Delphi first-quarter operating loss slides to $534 million, but net income spikes to $556 million

By Caroline Salls

Pittsburgh, May 11 - Delphi Corp. recorded a $534 million operating loss for the first quarter of 2009 on $2.525 billion in total net sales, according to a 10-Q filed Monday with the Securities and Exchange Commission.

The first-quarter numbers were better in 2008, when the company posted a $267 million operating loss on $5.252 billion in total net sales.

However, the company reported $556 million in net income for the three months ended March 31, much better than the $577 million net loss posted for the three months ended March 31, 2008.

Delphi said the net income for the first quarter of 2009 was favorably impacted by $1.2 billion from the termination of benefits to salaried employees and retirees; $153 million from the company's amended global services and master restructuring agreements recognized in the first quarter of 2009; the absence of $79 million of previously capitalized fees paid to potential investors and their affiliates; $36 million of work-force transition program charges recorded during the first quarter of 2008; and $30 million related to the loss on sale of Delphi's global bearings business recorded during the first quarter of 2008.

Delphi had $650 million in cash and cash equivalents at March 31, compared with $959 million at Dec. 31.

According to the 10-Q, substantial uncertainty and a significant decline in capacity in the credit markets, the global economic downturn and the current economic climate in the automotive industry have adversely impacted Delphi's ability to develop a revised recapitalization plan and successfully emerge from bankruptcy.

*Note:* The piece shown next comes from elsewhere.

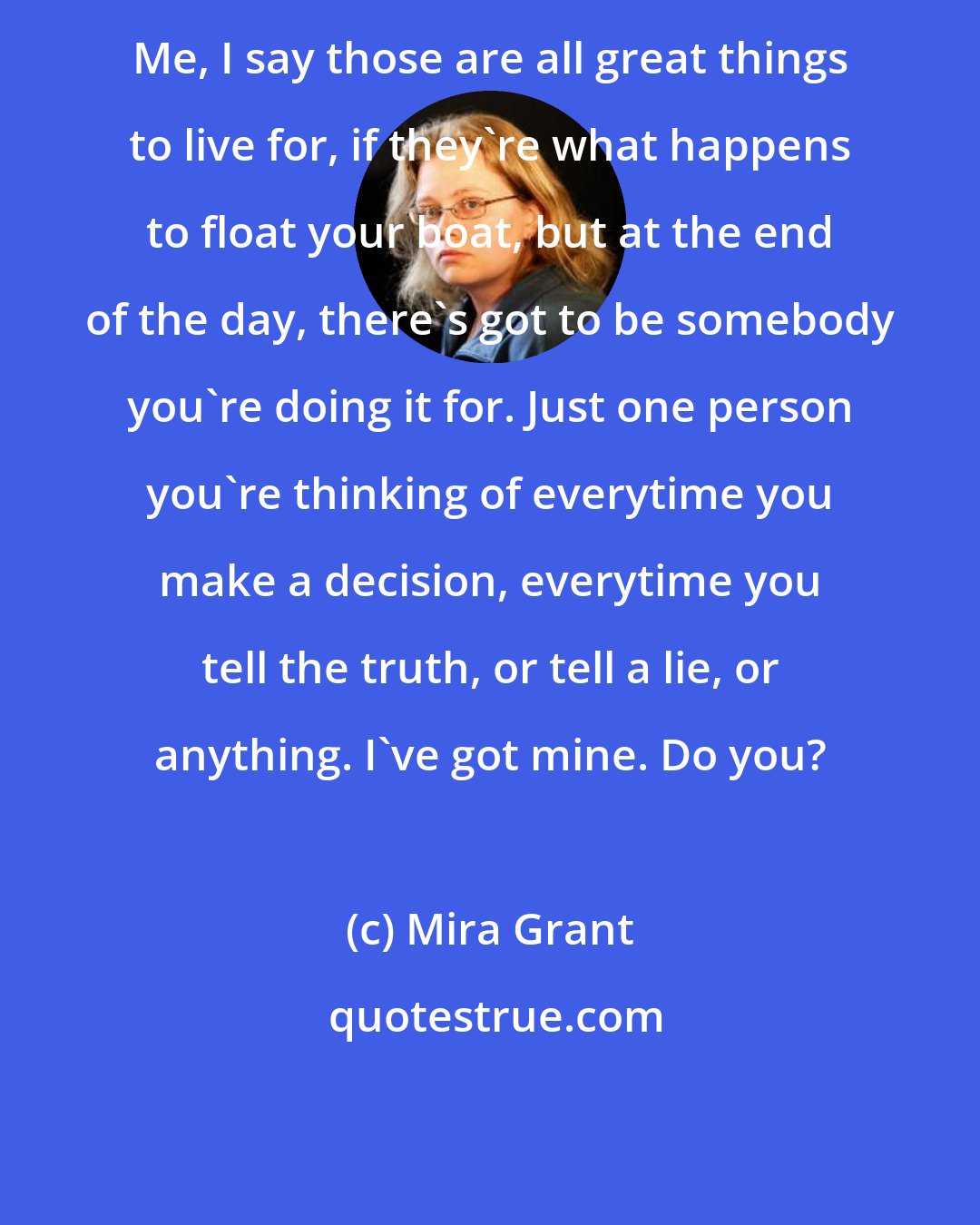 Mira Grant: Me, I say those are all great things to live for, if they're what happens to float your boat, but at the end of the day, there's got to be somebody you're doing it for. Just one person you're thinking of everytime you make a decision, everytime you tell the truth, or tell a lie, or anything. I've got mine. Do you?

Delphi said it is in talks with all of its stakeholders to formulate further plan modifications, and it has made changes to its business plan consistent with the extremely low volume production environment in the global automotive industry and depressed global capital and equity markets.

To address the likelihood of continued low U.S. automotive production volumes, Delphi said it is continuing to implement a number of cash conservation measures, including temporary layoffs and salaried benefit cuts for both active employees and retirees, delay of capital and other expenditures, permanent salaried work-force reductions and other cost saving measures to ensure adequate liquidity for operations until volumes recover or until the company is able to complete further restructuring efforts.

In addition, the company said it expects dramatically lower production volumes throughout the second and third quarters of 2009 given the recently announced production shutdowns by both General Motors Corp. and Chrysler, which Delphi said will likely result in significantly lower receivables and earnings and a subsequent reduction in cash flow toward the beginning of the third quarter.

Delphi, a Troy, Mich.-based automotive electronics manufacturer, filed for bankruptcy on Oct. 8, 2005 in the U.S. Bankruptcy Court for the Southern District of New York. Its Chapter 11 case number is 05-44481.